[Web page caption snippets]
━━━
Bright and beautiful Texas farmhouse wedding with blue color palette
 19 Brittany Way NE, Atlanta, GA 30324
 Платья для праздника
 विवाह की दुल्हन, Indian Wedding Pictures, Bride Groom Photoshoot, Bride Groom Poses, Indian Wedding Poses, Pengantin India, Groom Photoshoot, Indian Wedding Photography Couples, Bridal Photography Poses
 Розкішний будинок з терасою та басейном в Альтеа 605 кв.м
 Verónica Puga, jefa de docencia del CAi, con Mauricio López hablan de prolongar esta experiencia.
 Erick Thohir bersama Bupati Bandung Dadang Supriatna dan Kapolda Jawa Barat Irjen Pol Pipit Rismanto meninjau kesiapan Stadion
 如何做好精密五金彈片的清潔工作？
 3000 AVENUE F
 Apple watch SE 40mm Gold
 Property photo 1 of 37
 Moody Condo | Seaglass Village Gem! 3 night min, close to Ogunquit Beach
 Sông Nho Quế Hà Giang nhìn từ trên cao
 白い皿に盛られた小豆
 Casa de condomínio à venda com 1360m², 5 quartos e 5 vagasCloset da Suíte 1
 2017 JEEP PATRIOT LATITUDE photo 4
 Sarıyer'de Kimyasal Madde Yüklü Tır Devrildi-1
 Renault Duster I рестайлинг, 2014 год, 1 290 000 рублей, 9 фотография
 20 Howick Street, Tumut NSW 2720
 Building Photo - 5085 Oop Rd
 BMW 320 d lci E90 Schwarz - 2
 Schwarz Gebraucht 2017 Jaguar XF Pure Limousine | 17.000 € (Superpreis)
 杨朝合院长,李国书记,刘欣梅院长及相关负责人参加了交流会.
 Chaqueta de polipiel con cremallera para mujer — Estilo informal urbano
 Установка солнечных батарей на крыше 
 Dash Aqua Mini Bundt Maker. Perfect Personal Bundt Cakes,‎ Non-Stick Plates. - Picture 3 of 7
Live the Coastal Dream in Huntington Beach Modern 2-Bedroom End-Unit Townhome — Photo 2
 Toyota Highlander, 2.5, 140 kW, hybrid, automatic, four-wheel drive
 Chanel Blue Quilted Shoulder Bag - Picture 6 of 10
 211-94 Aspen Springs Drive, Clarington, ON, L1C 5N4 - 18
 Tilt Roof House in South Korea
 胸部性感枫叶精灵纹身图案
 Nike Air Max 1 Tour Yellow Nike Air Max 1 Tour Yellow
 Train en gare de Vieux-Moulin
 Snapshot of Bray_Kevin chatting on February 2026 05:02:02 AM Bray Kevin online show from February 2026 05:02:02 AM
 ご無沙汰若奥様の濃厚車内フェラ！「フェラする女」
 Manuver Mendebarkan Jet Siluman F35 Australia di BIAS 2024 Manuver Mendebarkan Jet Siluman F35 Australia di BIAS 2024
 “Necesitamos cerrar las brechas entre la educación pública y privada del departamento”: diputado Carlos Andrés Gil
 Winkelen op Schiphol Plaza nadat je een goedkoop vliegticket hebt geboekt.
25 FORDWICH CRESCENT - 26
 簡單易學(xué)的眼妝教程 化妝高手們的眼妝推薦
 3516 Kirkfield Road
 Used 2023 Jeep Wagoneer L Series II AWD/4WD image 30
━━━
Work task - Nothing but the lines from the one with "Chanel Blue Quilted" to the last line of the data should appear in the answer, each exactly as it stands.

Written answer -
 Chanel Blue Quilted Shoulder Bag - Picture 6 of 10
 211-94 Aspen Springs Drive, Clarington, ON, L1C 5N4 - 18
 Tilt Roof House in South Korea
 胸部性感枫叶精灵纹身图案
 Nike Air Max 1 Tour Yellow Nike Air Max 1 Tour Yellow
 Train en gare de Vieux-Moulin
 Snapshot of Bray_Kevin chatting on February 2026 05:02:02 AM Bray Kevin online show from February 2026 05:02:02 AM
 ご無沙汰若奥様の濃厚車内フェラ！「フェラする女」
 Manuver Mendebarkan Jet Siluman F35 Australia di BIAS 2024 Manuver Mendebarkan Jet Siluman F35 Australia di BIAS 2024
 “Necesitamos cerrar las brechas entre la educación pública y privada del departamento”: diputado Carlos Andrés Gil
 Winkelen op Schiphol Plaza nadat je een goedkoop vliegticket hebt geboekt.
25 FORDWICH CRESCENT - 26
 簡單易學(xué)的眼妝教程 化妝高手們的眼妝推薦
 3516 Kirkfield Road
 Used 2023 Jeep Wagoneer L Series II AWD/4WD image 30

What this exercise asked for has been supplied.